História comparada do esporte | Victor Andrade de Melo

O livro História comparada do Esporte reúne um conjunto seleto de onze textos escritos por alunos e professores do Programa de Pós-Graduação em História Comparada do Instituto de Filosofia e Ciências da Universidade Federal do Rio de Janeiro (PPGHC/IFCS/UFRJ). Sob orientação e organização do Prof. Dr. Victor Andrade de Melo, que também escreve um dos textos, os autores fazem uso da História comparada para direcionar suas investigações e estabelecer considerações sobre o esporte em suas diferentes manifestações.

Pautados no sub-campo da história do esporte, os textos, além da diversificação no uso do método de História comparada, analisam temáticas e períodos históricos diferenciados. Divididos e organizados a partir de cinco áreas, os artigos publicados demonstram coerência entre si e proporcionam ao leitor uma compreensão facilitada acerca dos temas que abordam. A divisão proposta pelo organizador compreende, desde a caracterização das possibilidades e dos limites teórico-metodológicos da Historia comparada do esporte até o agrupamento dos textos a partir de temas como Futebol, História Antiga/História Contemporânea, Esporte, e Outras práticas corporais.

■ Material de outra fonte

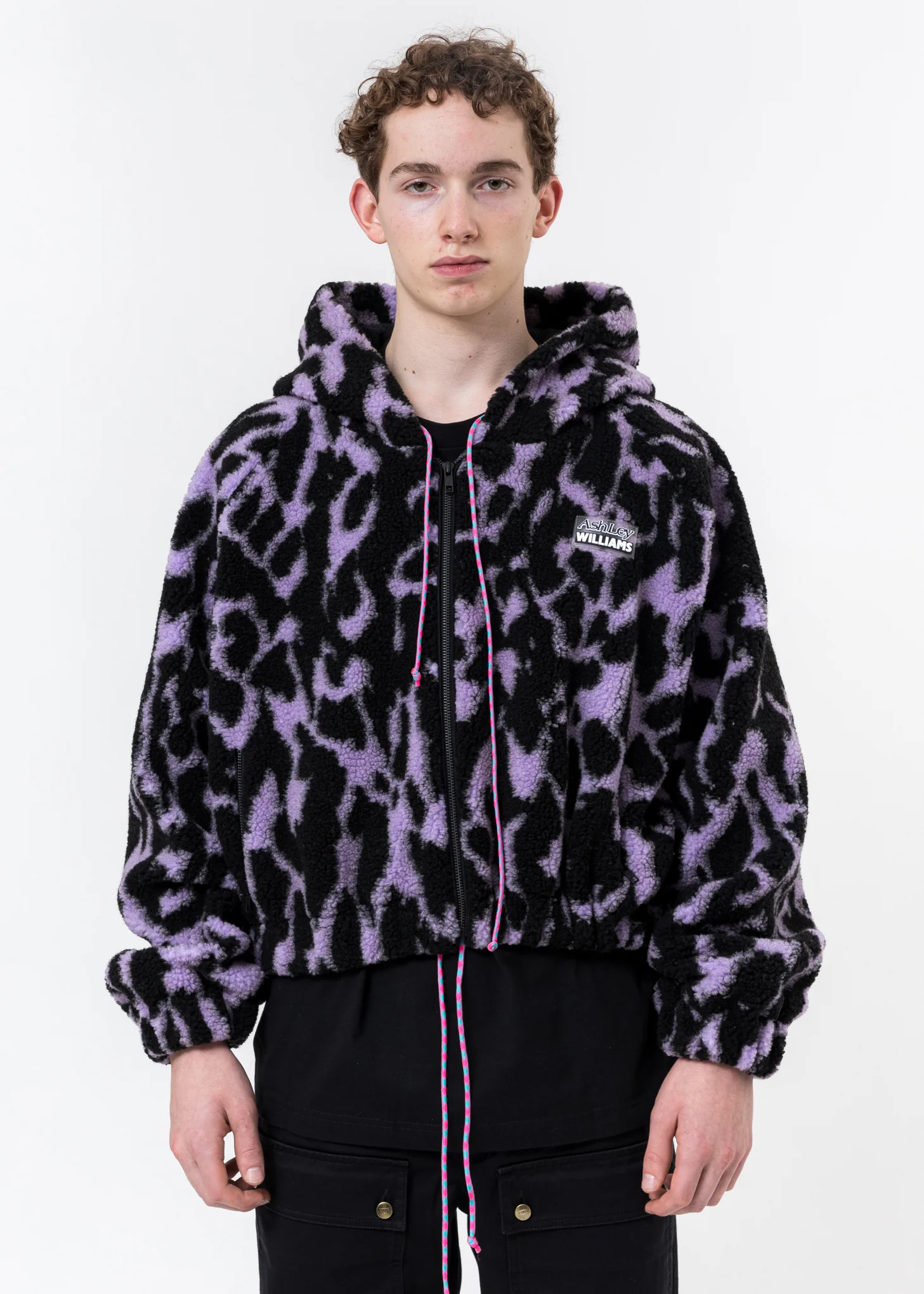 Lilac And Black Fleece Bomber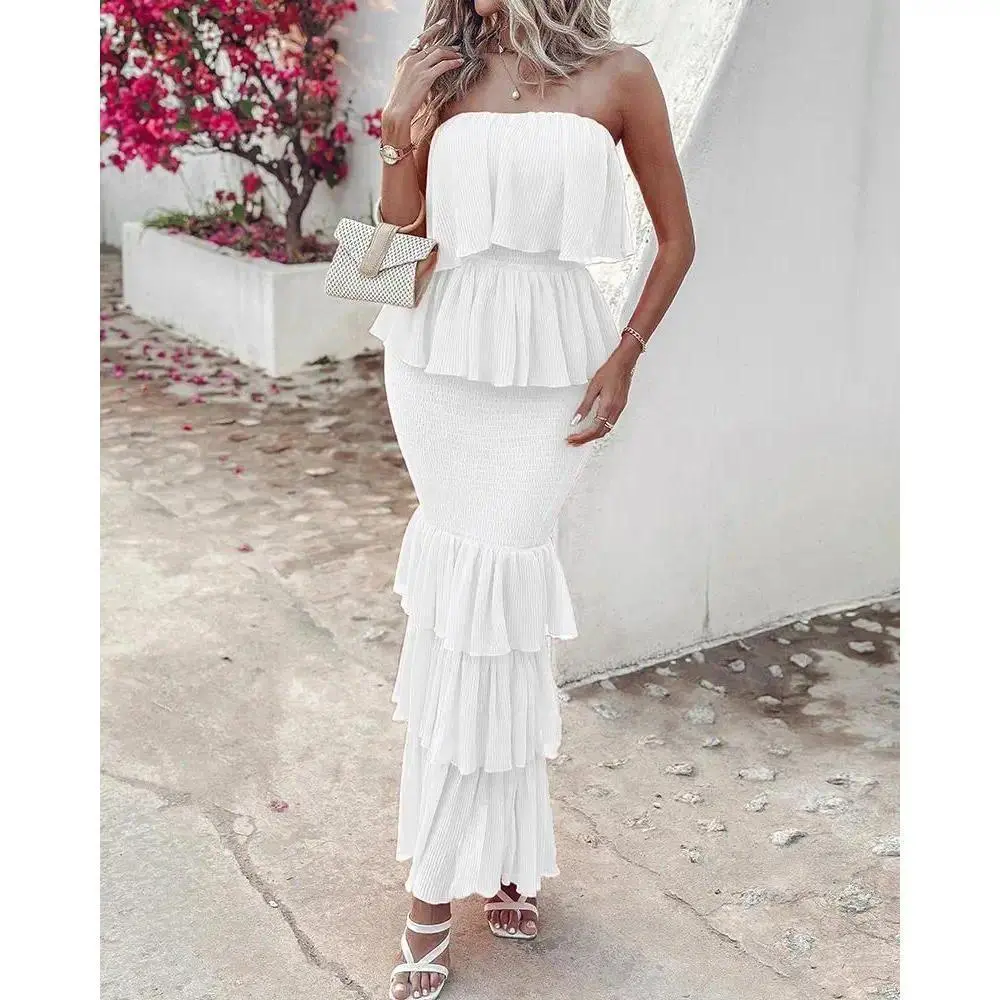 Women’s Sleeveless Bandeau Maxi Dress, Shirred Layered Ruffle Hem Wedding Guest Sundress for Formal Parties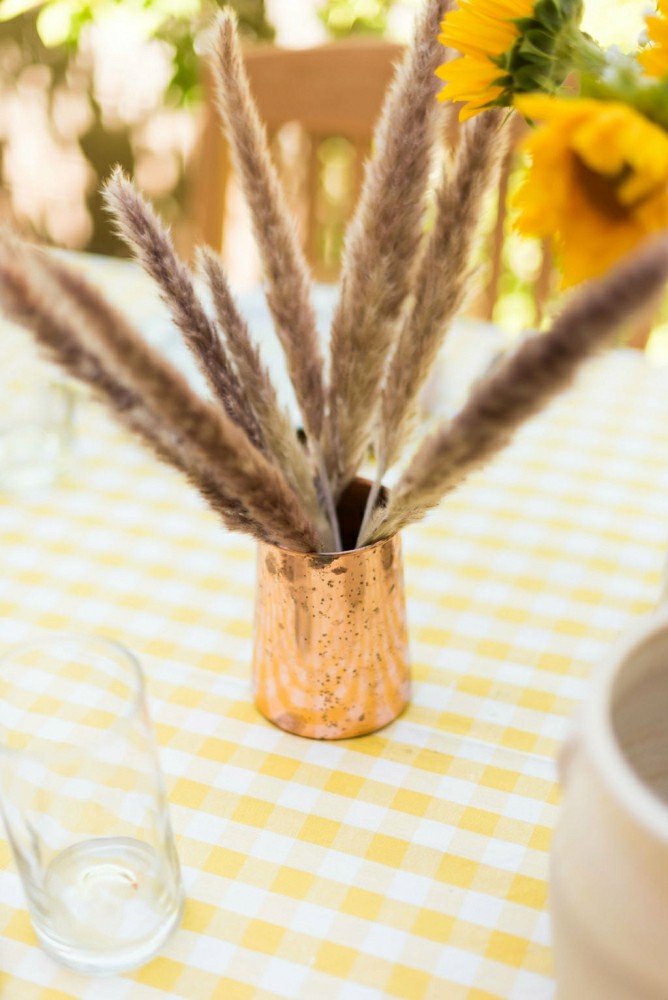 Yellow Ruffled Gingham Tablecloth | Plow & Hearth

O texto que compõe o primeiro capítulo, Por uma história comparada do esporte: possibilidades, potencialidades e limites, de Victor Melo, introduz a discussão sobre o comparativismo histórico no âmbito do esporte. Nele, o autor limita o campo de estudo dentro da história das práticas institucionalizadas (esporte, dança, ginástica, educação física, entre outras) e convida o leitor à reflexão daquilo que é possível abordar (ou não) utilizando-se os pressupostos metodológicos da história comparada. Neste aspecto, aponta vantagens heurísticas, descritivas, analíticas e paradigmáticas, aumentando assim o entendimento acerca do que é investigado possibilitando, ainda, o estabelecimento de diálogos entre os estudos locais com investigações mais amplas. Ao mesmo tempo que analisa vantagens, Victor Melo aponta os riscos e os desafios do método comparativo na criação de tensão com aspectos usuais da pesquisa histórica, tais como a sucessão cronológica dos fatos (já que trata de discutir um problema), o uso de fontes (já que elas estão fora da localidade do pesquisador) e a idéia de contexto (já que a compreensão do pesquisador deve ser sobre mais de uma realidade).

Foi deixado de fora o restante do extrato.